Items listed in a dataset
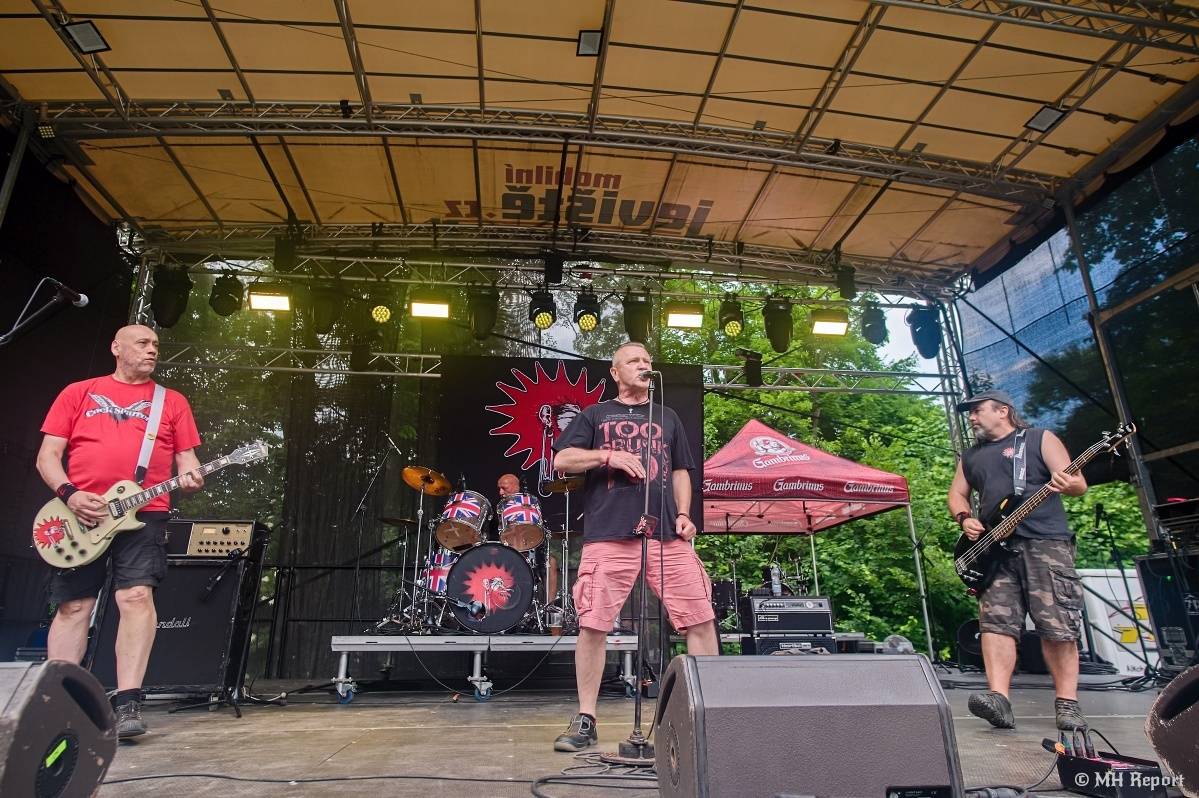 Hvězdou Rock for JK Manětín byli punkoví SPS. Žízeň publikum uhasilo s Alkeholem, zahrálo i Totální nasazení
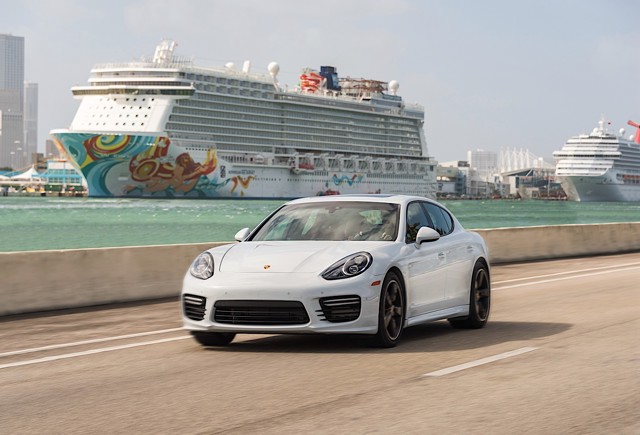 Porsche Panamera Gts photo 16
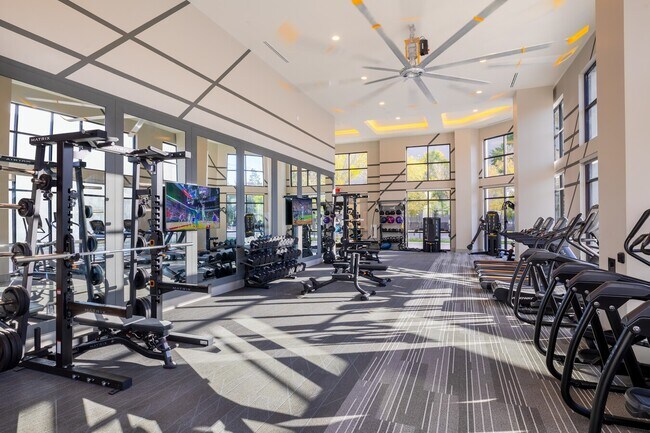 Building Photo - Spacious & Stylish Apt in Prime Galleria Area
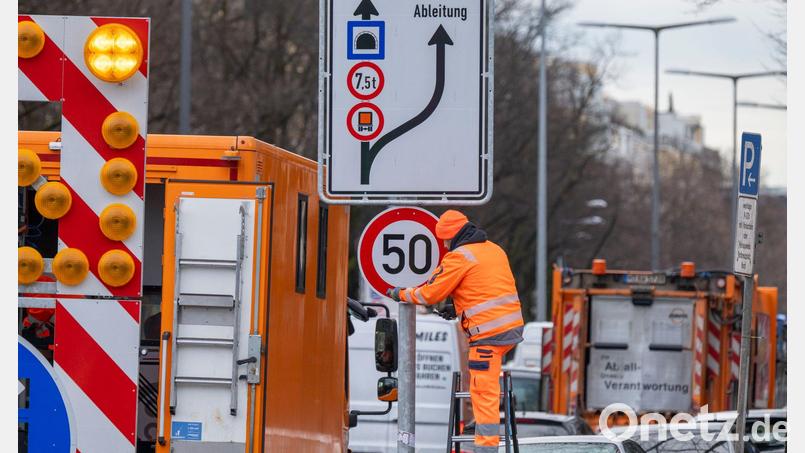 Seit Dienstag dürfen Autofahrer wieder mit bis zu 50 Kilometern pro Stunde über die Landshuter Allee fahren. (Archivbild) Bild: Peter Kneffel/dpa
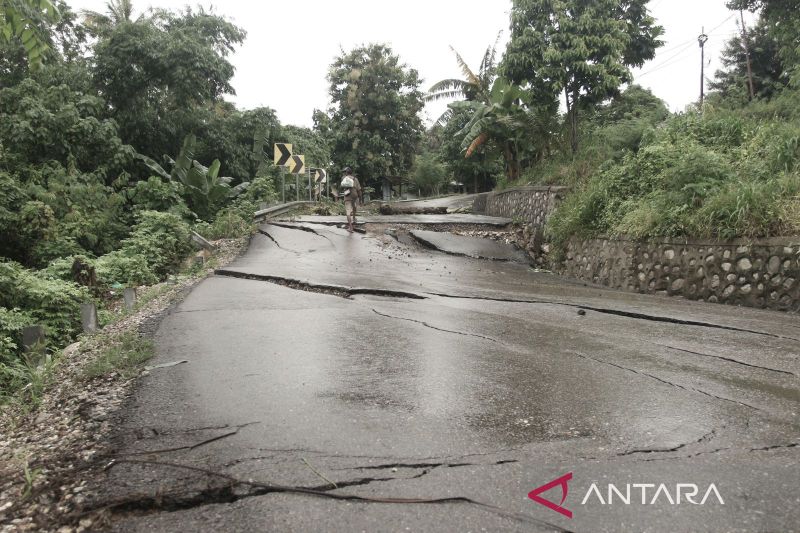 Jalan rusak di Kupang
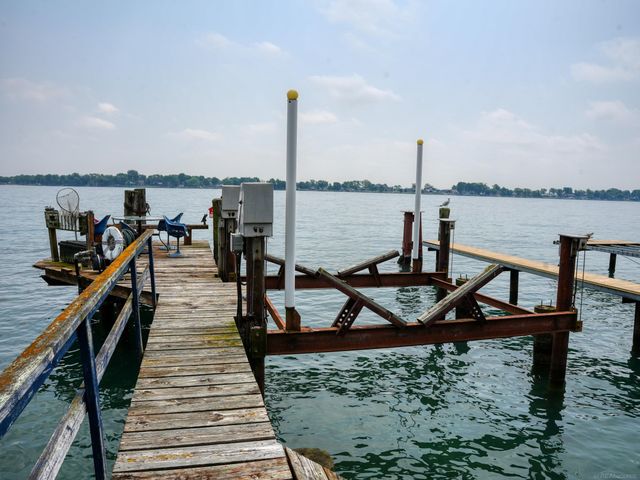 5403 Pointe Drive, East China, MI 48054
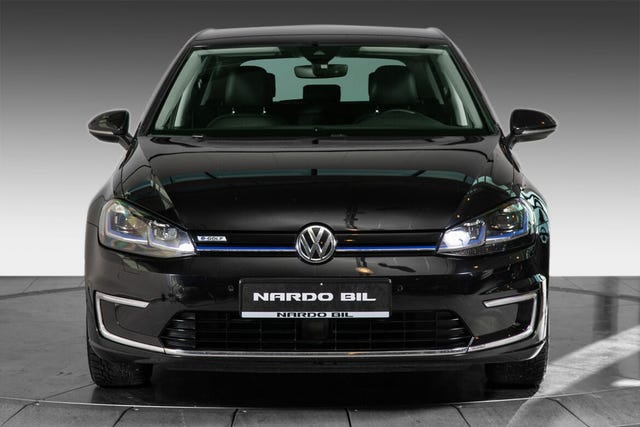WVWZZZAUZJW906342 2018 VOLKSWAGEN GOLF-3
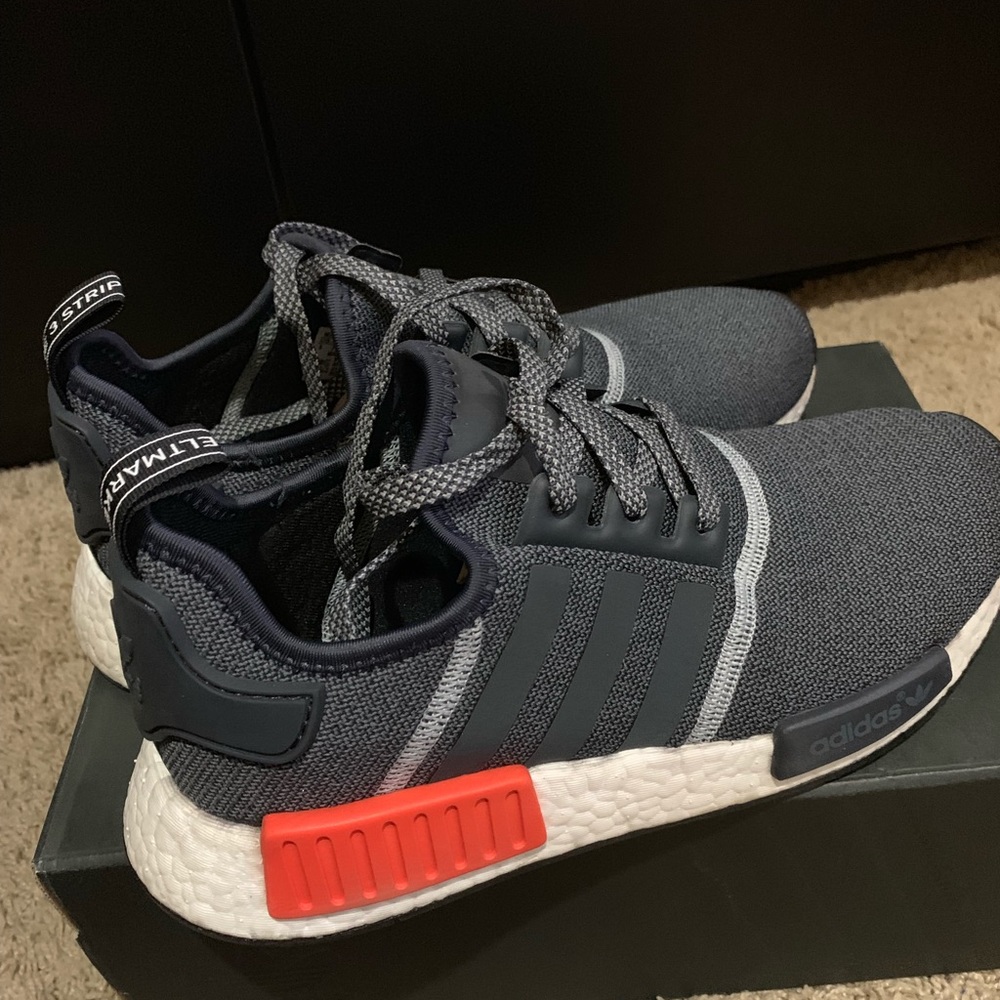 Adidas NMD R1 - Picture 3 of 5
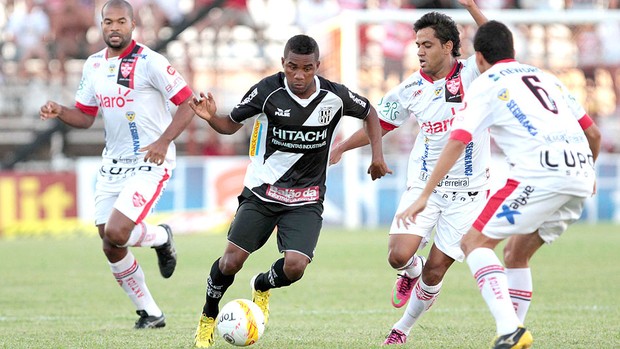 jogo entre Ponte Preta e Linense  (Foto: Célio Messias / Ag. estado)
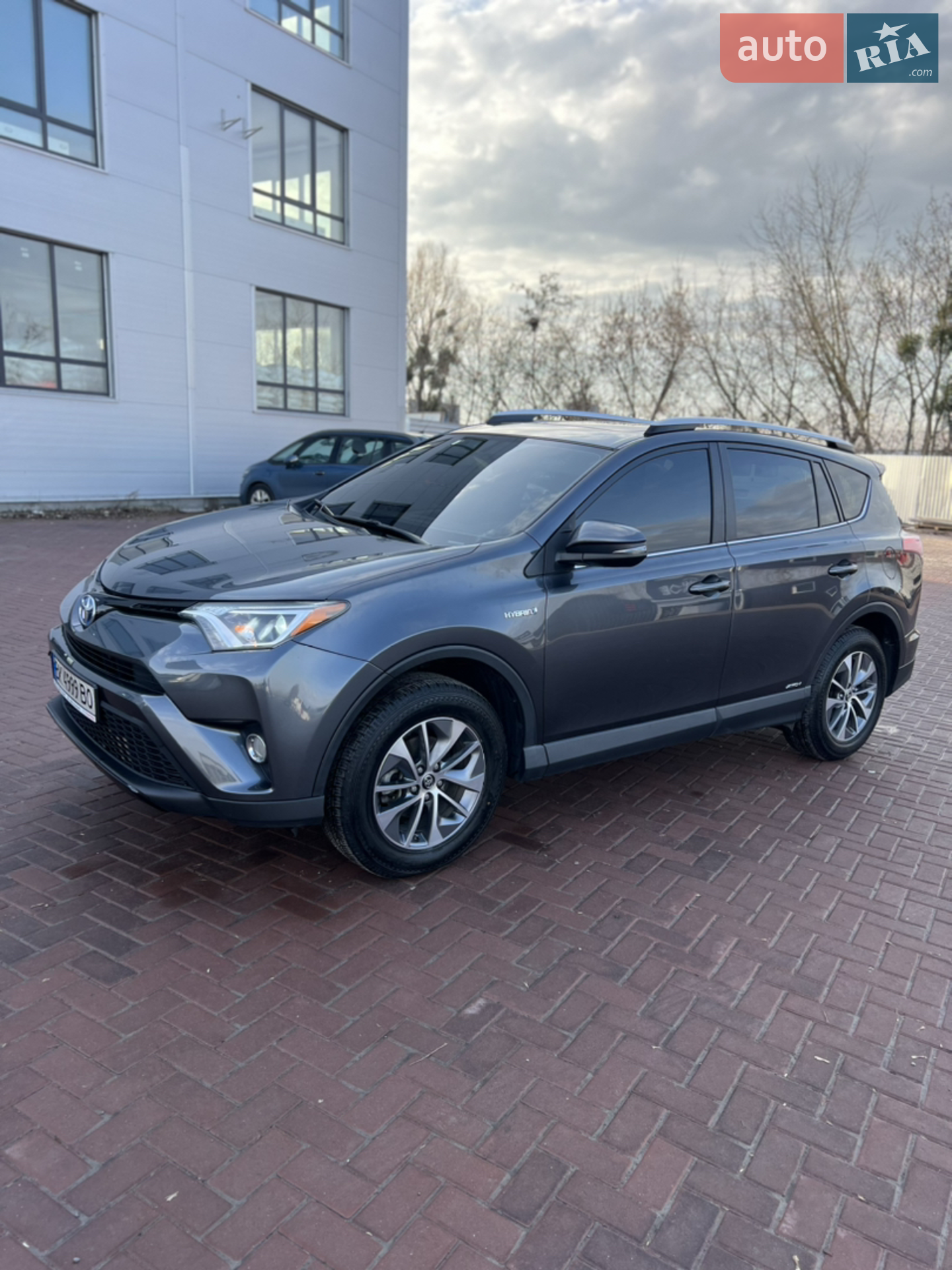 2016 Toyota RAV 4 - фото 1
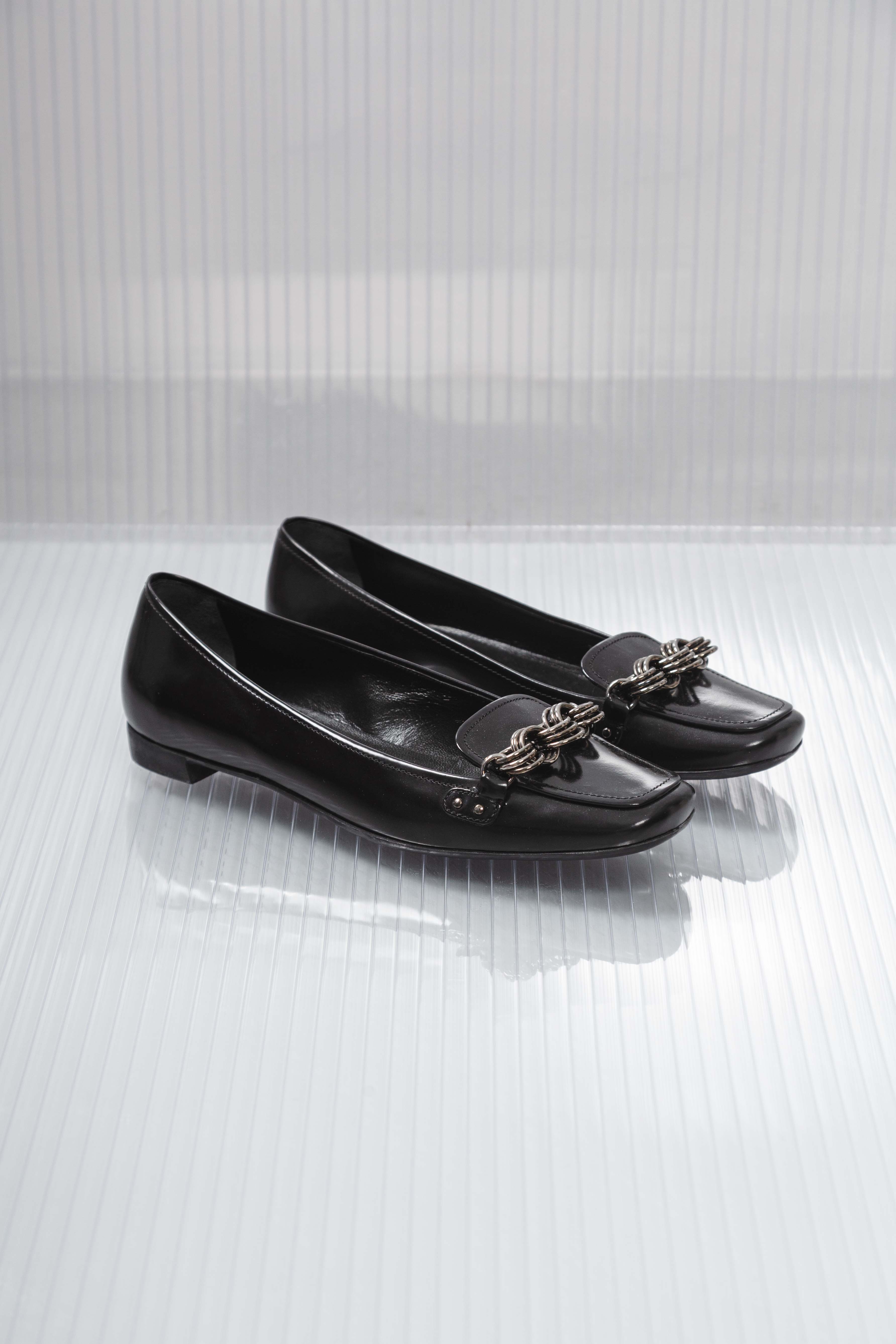 PATENT LEATHER BUCKLED LOAFERS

__YOUR OBJECTIVE__
When you reach the line that contains "WVWZZZAUZJW906342 2018 VOLKSWAGEN GOLF-3", start reproducing, and continue word for word to the end of the records; skip all pictures.

__THE COMPLETED TASK__
WVWZZZAUZJW906342 2018 VOLKSWAGEN GOLF-3
 Adidas NMD R1 - Picture 3 of 5
 jogo entre Ponte Preta e Linense  (Foto: Célio Messias / Ag. estado)
 2016 Toyota RAV 4 - фото 1
 PATENT LEATHER BUCKLED LOAFERS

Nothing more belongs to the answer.